HOW TO COMPLETE THIS TASK:
Everything in the listing below must be reproduced exactly, apart from its images.

MATERIAL PROVIDED:
************
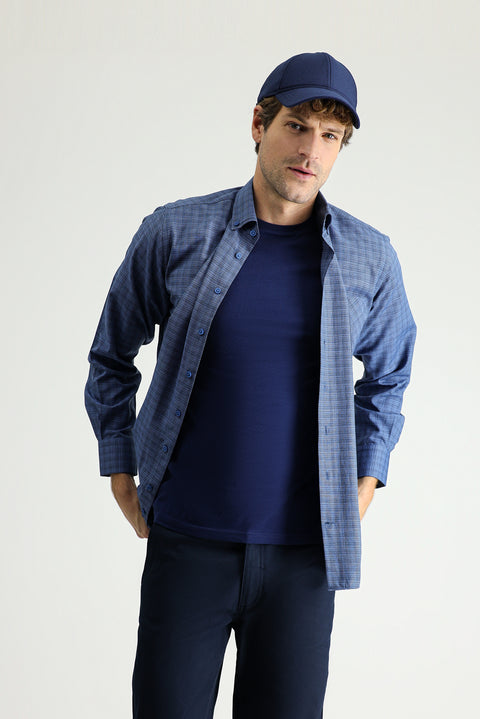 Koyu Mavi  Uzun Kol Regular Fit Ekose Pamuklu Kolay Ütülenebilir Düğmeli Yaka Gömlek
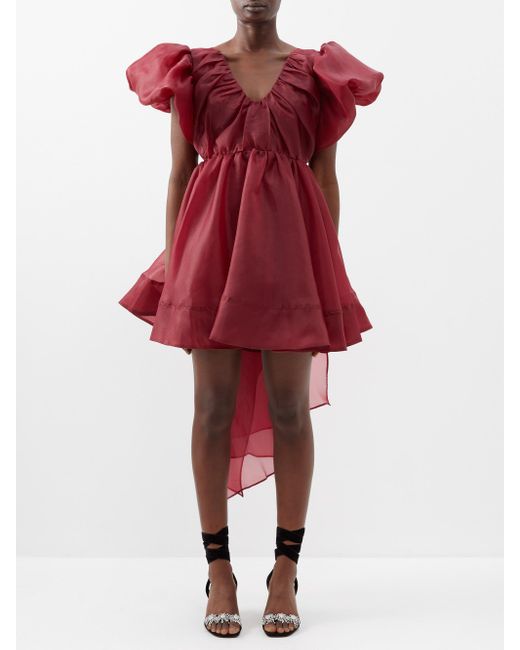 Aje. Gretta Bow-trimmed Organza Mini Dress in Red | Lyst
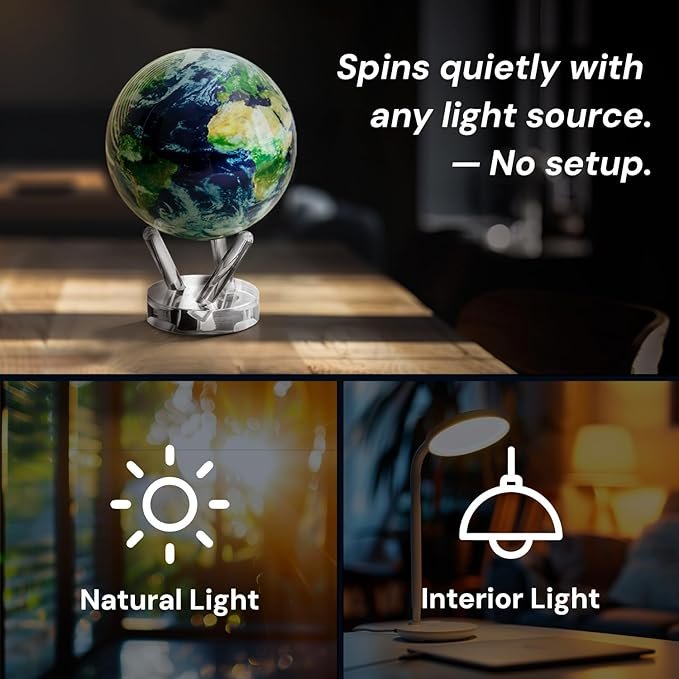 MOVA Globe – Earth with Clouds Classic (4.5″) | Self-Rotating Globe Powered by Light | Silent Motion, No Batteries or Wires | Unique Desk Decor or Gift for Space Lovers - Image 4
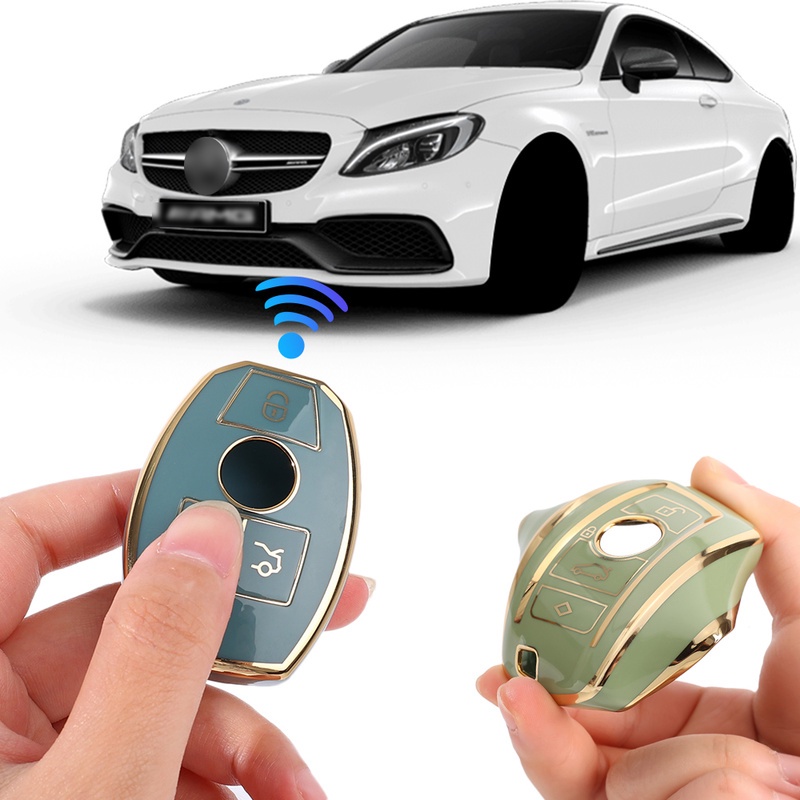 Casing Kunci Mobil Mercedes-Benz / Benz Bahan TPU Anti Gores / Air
************
OUTPUT FOR THIS TASK:
 Koyu Mavi  Uzun Kol Regular Fit Ekose Pamuklu Kolay Ütülenebilir Düğmeli Yaka Gömlek
 Aje. Gretta Bow-trimmed Organza Mini Dress in Red | Lyst
 MOVA Globe – Earth with Clouds Classic (4.5″) | Self-Rotating Globe Powered by Light | Silent Motion, No Batteries or Wires | Unique Desk Decor or Gift for Space Lovers - Image 4
 Casing Kunci Mobil Mercedes-Benz / Benz Bahan TPU Anti Gores / Air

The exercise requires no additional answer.